**Your task:** In the entries below, repeat only the lines between those holding "Track 38, Unit" and "My entire time", inclusive. Leave pictures out.

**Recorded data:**
┄┄┄┄┄┄┄┄┄┄

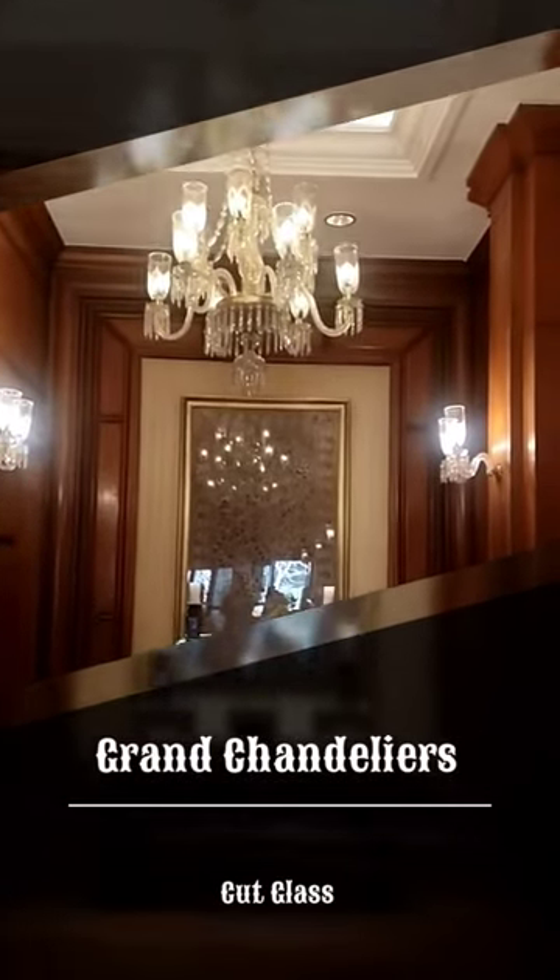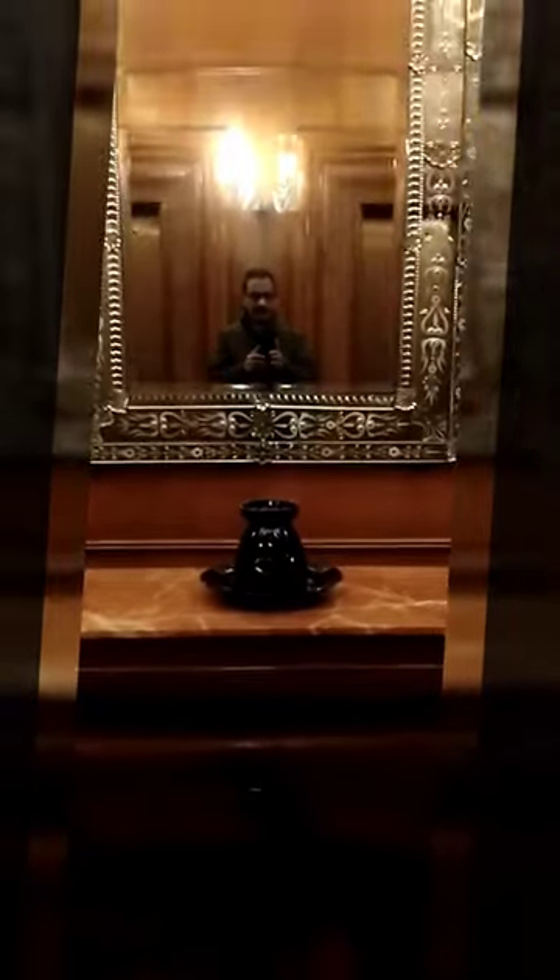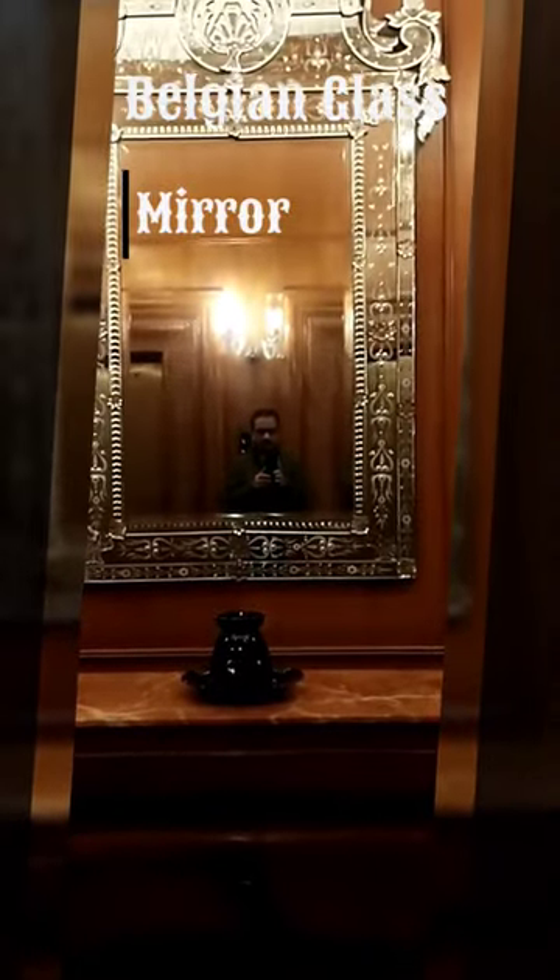The grand chandelier added to the elegance of the space, along with an ornamental Belgian glass mirror.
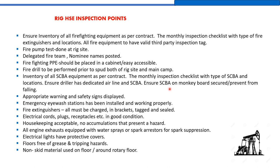Along with the SCBA on the monkey board, there should also be a cascade airline with only two connections on the monkey board for the cascade airline.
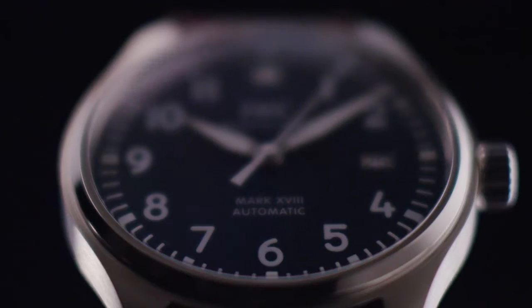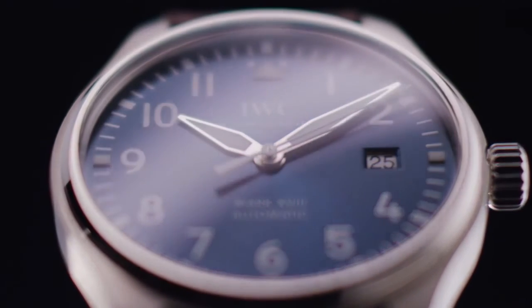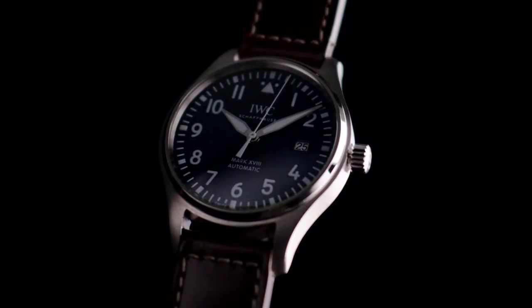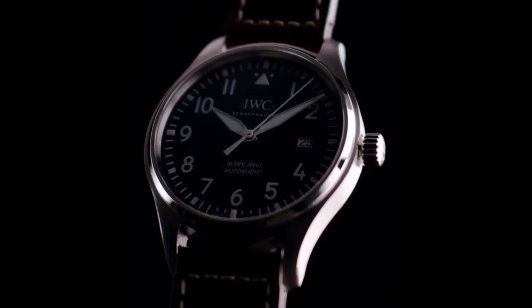With the new collection, we have expanded the Mark 18 offer towards different sublines. One of the new products we offer is a new Mark 18 edition Le Petit Prince, featuring the typical colour codes of the blue dial in combination with new dial graphics and a 40mm stainless steel case.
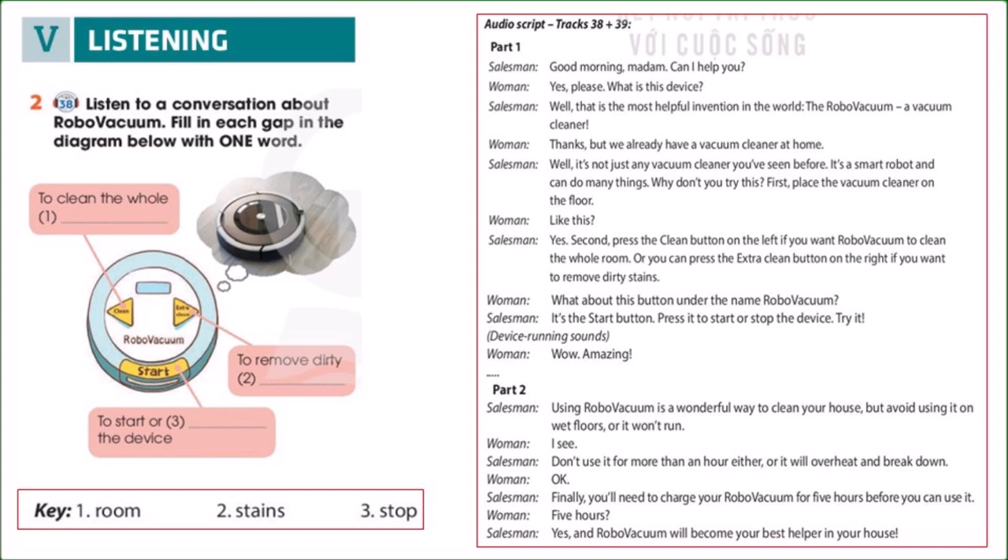Track 38, Unit 5, Inventions, Page 57. Listening: Robo-Vacuum, Activity 2. Listen to a conversation about robo-vacuum. Fill in each gap in the diagram below with one word.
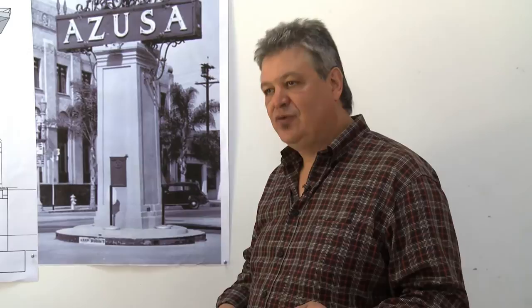Watch videos about other station artists, learn more about the project, or sign up to receive construction updates at www.FoothillExtension.org.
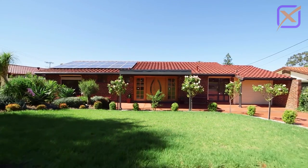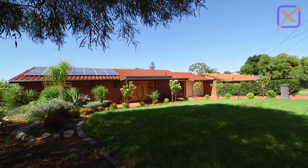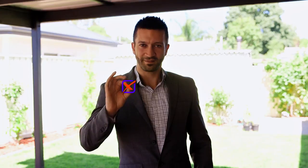Situated in this highly sought out area, this beautiful home has been well maintained and is in pristine condition. A true credit to the vendors. This certainly ticks every single box.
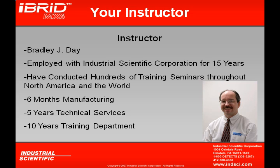My entire time with Industrial Scientific hasn't been just in the training department. When I first started, for the first six months I worked in manufacturing, learning how to test and calibrate some of the different pieces of equipment we made. After that, they moved me on to tech services, where for five years I worked the phone answering questions about gas detection — hundreds of questions every day — which helped prime the pump for me to be in the training department, where I've now been for the last 10 years.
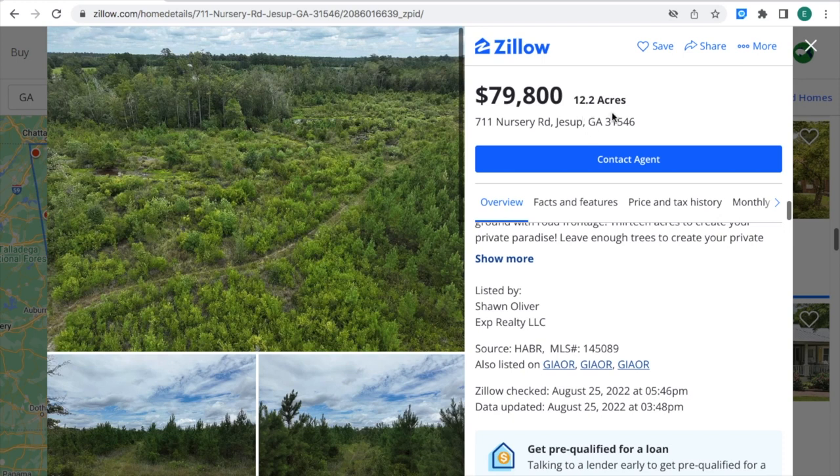It's $79,800 for 12.2 acres of land. Investing in real estate is a great investment, especially when it's 12.2 acres of land for $79,800.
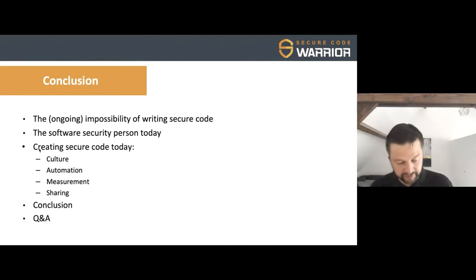With that I'd like to conclude my talk. I hope I was able to give you an introduction to why we're still in this loop, what a security person is doing today, and how we can actually put security into the culture, automation, measurement, and sharing of DevOps.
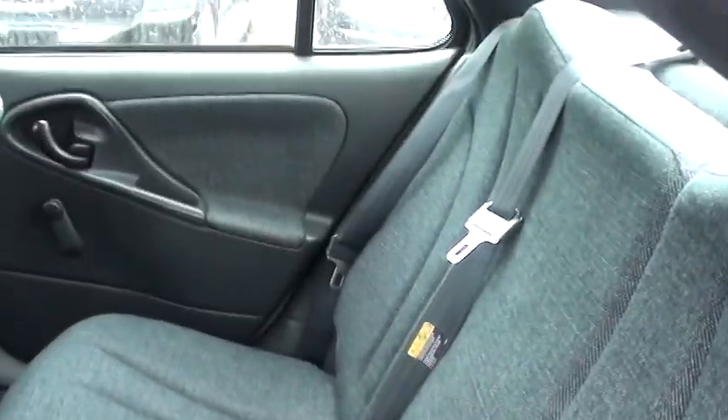Just unlocking the back door here to give you a chance to look at the back seats. Again, they almost look like they were never used — there are no rips, no tears.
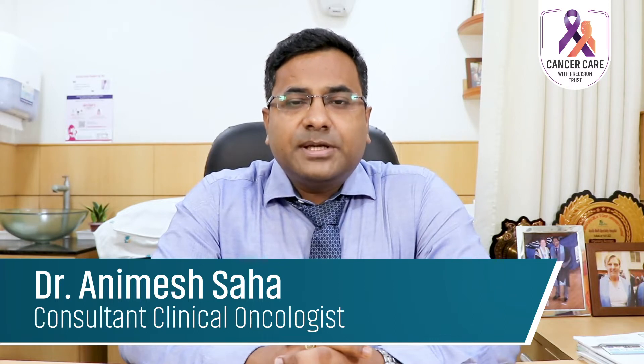Hello everyone, I am Dr. Animesh Shah. I am a clinical oncologist and today we will be discussing about radiosurgery.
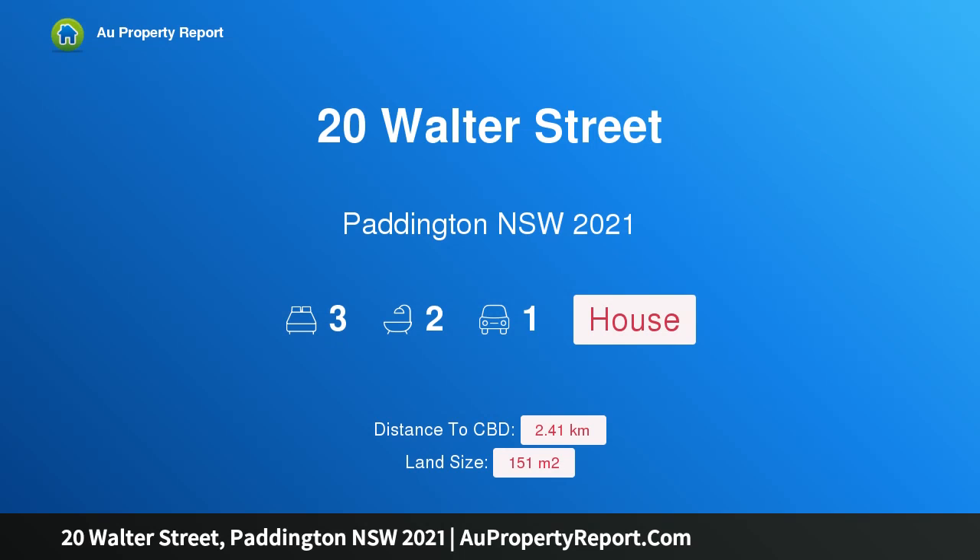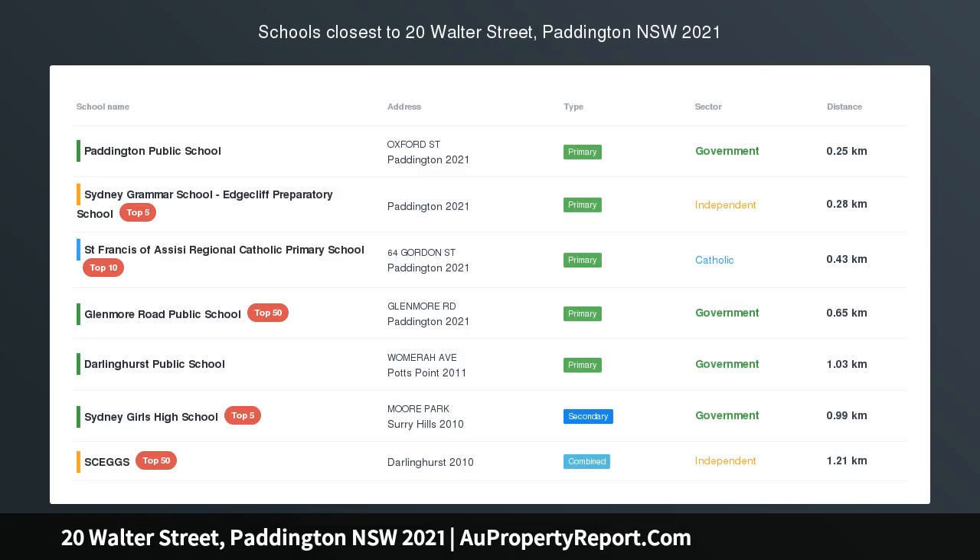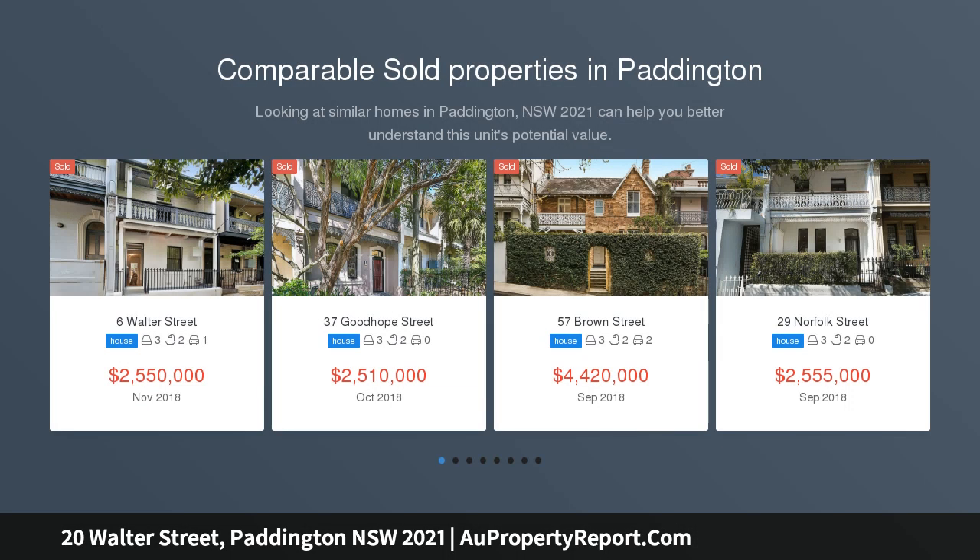I am glad to introduce 20 Walter Street, Paddington, New South Wales 2021 — a statement of sophisticated design at a premier address. This modern terrace opens into a thoughtfully executed home where form and function unite.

┄┄┄┄┄┄┄┄┄┄

**Answer to the exercise:**
Track 38, Unit 5, Inventions, Page 57. Listening: Robo-Vacuum, Activity 2. Listen to a conversation about robo-vacuum. Fill in each gap in the diagram below with one word.
Watch videos about other station artists, learn more about the project, or sign up to receive construction updates at www.FoothillExtension.org.
Situated in this highly sought out area, this beautiful home has been well maintained and is in pristine condition. A true credit to the vendors. This certainly ticks every single box.
My entire time with Industrial Scientific hasn't been just in the training department. When I first started, for the first six months I worked in manufacturing, learning how to test and calibrate some of the different pieces of equipment we made. After that, they moved me on to tech services, where for five years I worked the phone answering questions about gas detection — hundreds of questions every day — which helped prime the pump for me to be in the training department, where I've now been for the last 10 years.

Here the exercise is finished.